What needs to be done
Return the data word for word. Pictures are to be omitted.

[Brief descriptive captions]

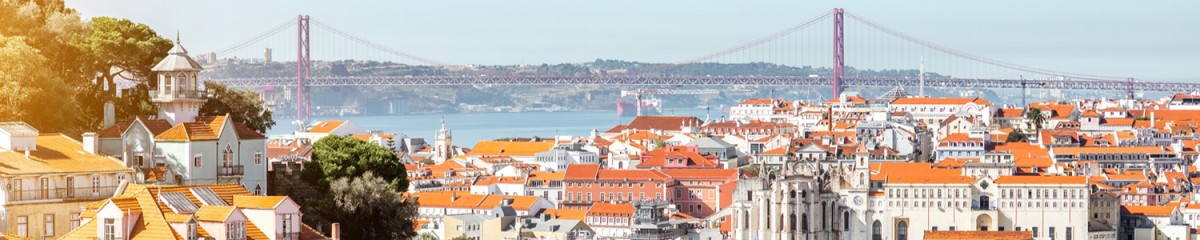 casas lisboa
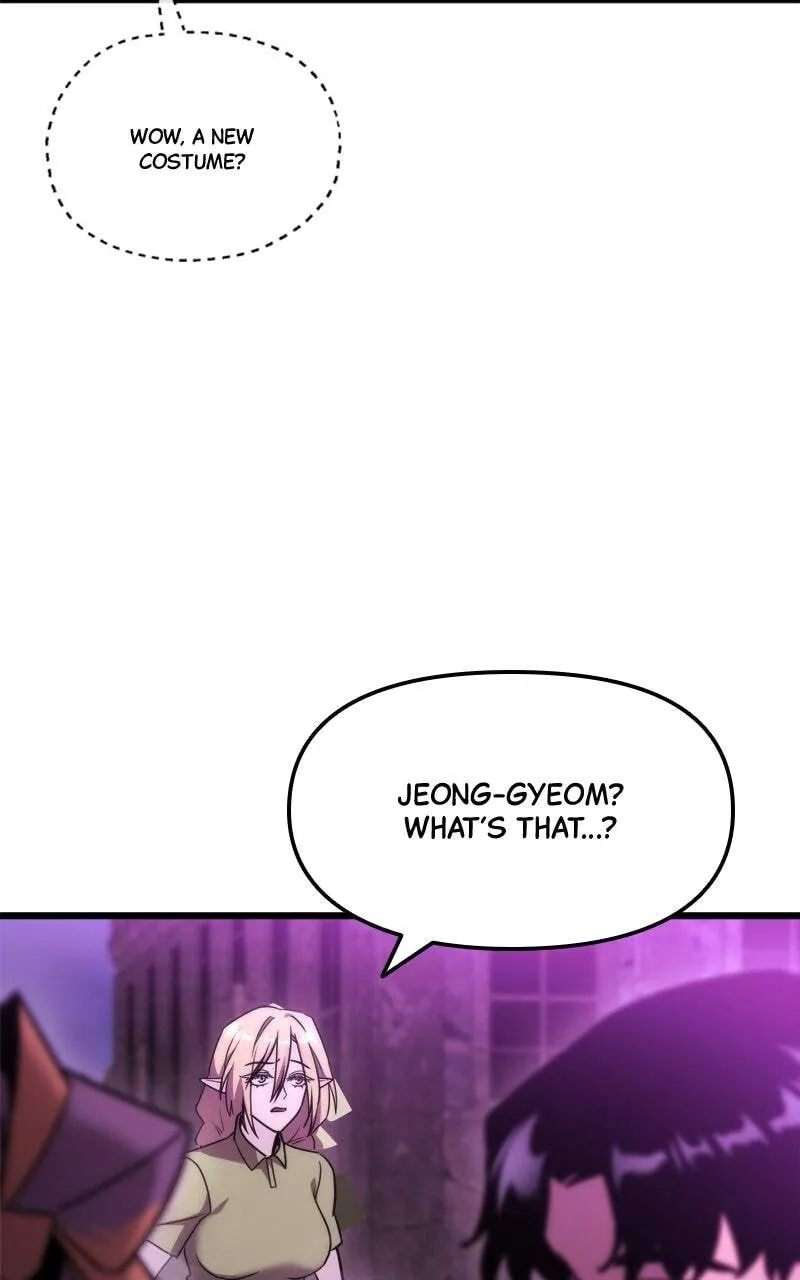 Read Hiding a Warehouse in the Apocalypse EN Manga Online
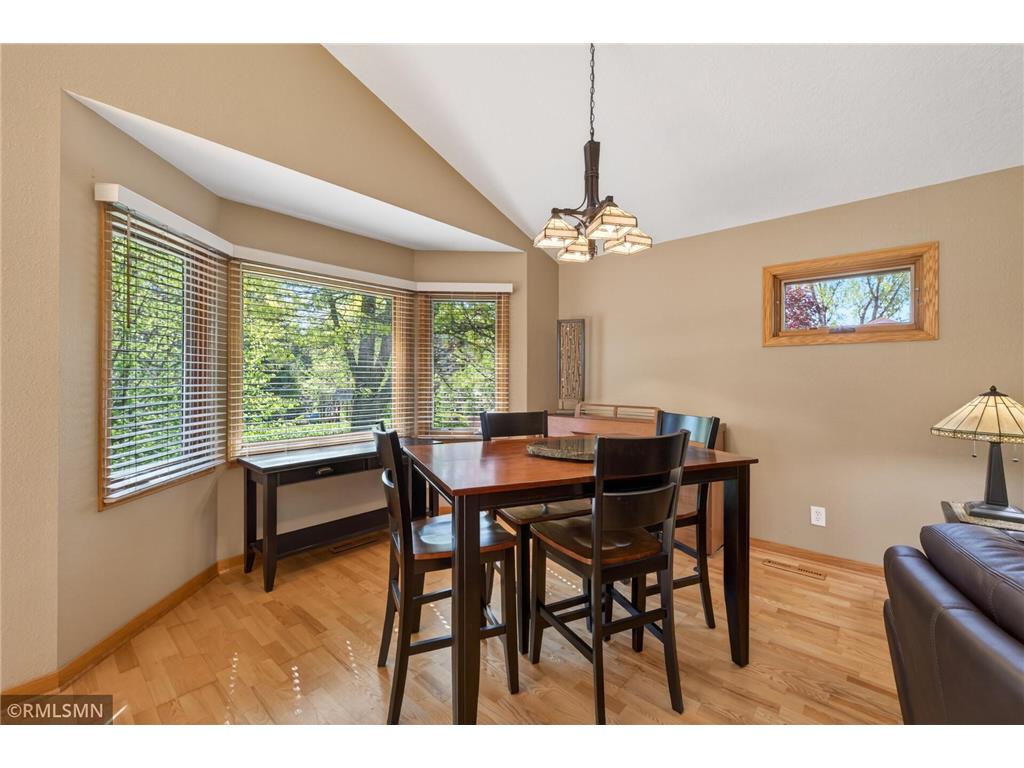 5018 Lemire Lane White Bear Lake MN 55110 7069160 image13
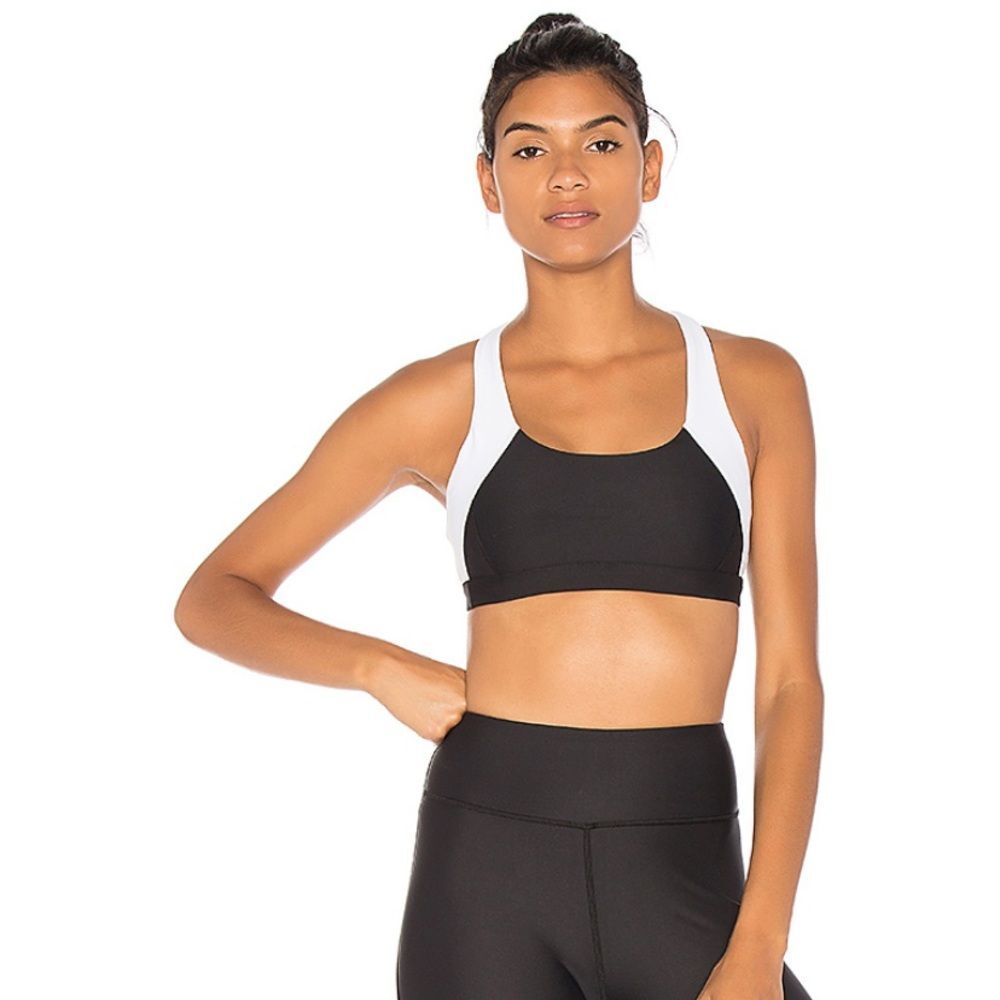 All Fenix Sports Bra
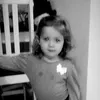 leilasosa.com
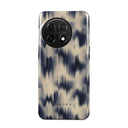 Avalanche - OnePlus 11 Case 1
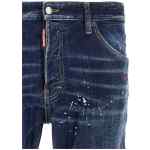 Dsquared2 Cool Guy Jeans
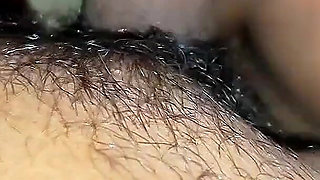 Desi Devar Bhabhi Chudai Sex Video, Brother in Law Fucked His Sister in Law Very Wide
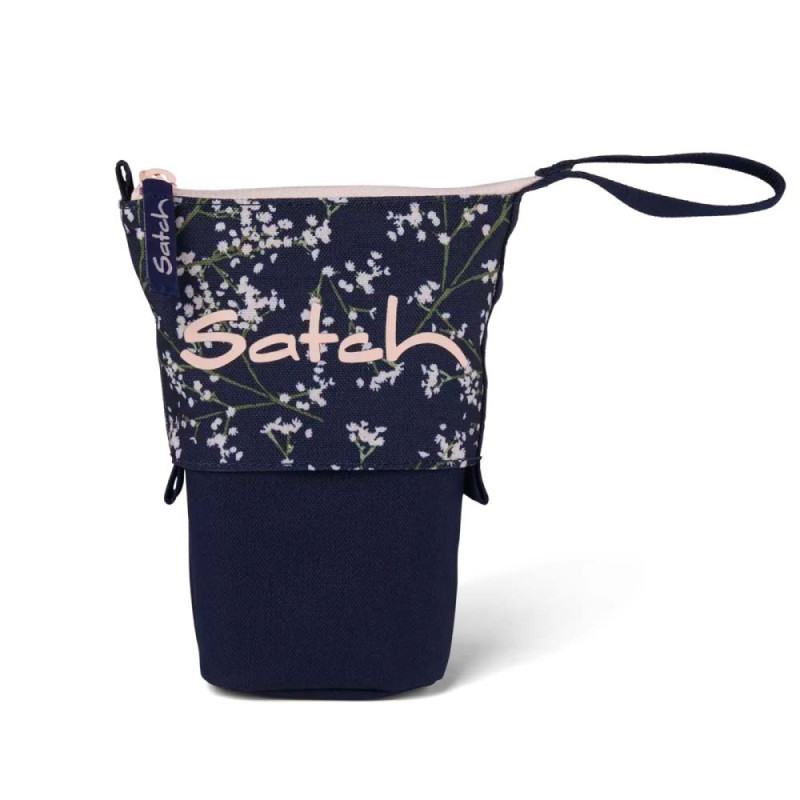 SATCH Pencil Slider - in verschiedenen Farben - Bloomy Breeze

Your solution
 casas lisboa
 Read Hiding a Warehouse in the Apocalypse EN Manga Online
 5018 Lemire Lane White Bear Lake MN 55110 7069160 image13
 All Fenix Sports Bra
 leilasosa.com
 Avalanche - OnePlus 11 Case 1
 Dsquared2 Cool Guy Jeans
 Desi Devar Bhabhi Chudai Sex Video, Brother in Law Fucked His Sister in Law Very Wide
 SATCH Pencil Slider - in verschiedenen Farben - Bloomy Breeze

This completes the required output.